▶ What the task requires: Which lines run from the one containing "Шорти MANGO модель 87067896_32 Фото" to the end of the records? Write them out exactly, both ends included, and nothing else.

▶ Records contained in a dataset:
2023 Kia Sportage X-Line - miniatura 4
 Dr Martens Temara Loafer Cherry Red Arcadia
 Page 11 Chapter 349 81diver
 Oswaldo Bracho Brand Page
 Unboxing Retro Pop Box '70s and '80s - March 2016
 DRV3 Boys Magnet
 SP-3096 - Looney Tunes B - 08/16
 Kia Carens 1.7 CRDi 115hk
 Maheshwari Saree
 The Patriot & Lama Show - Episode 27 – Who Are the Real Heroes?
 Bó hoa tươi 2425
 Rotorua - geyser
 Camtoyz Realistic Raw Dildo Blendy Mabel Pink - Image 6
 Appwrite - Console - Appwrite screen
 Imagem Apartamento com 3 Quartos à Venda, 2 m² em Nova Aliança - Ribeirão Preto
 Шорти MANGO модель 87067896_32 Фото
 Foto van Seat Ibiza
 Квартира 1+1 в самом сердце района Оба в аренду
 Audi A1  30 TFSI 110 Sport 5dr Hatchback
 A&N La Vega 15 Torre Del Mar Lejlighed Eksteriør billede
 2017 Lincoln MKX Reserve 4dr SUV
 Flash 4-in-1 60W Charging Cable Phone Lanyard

▶ Finished task:
 Шорти MANGO модель 87067896_32 Фото
 Foto van Seat Ibiza
 Квартира 1+1 в самом сердце района Оба в аренду
 Audi A1  30 TFSI 110 Sport 5dr Hatchback
 A&N La Vega 15 Torre Del Mar Lejlighed Eksteriør billede
 2017 Lincoln MKX Reserve 4dr SUV
 Flash 4-in-1 60W Charging Cable Phone Lanyard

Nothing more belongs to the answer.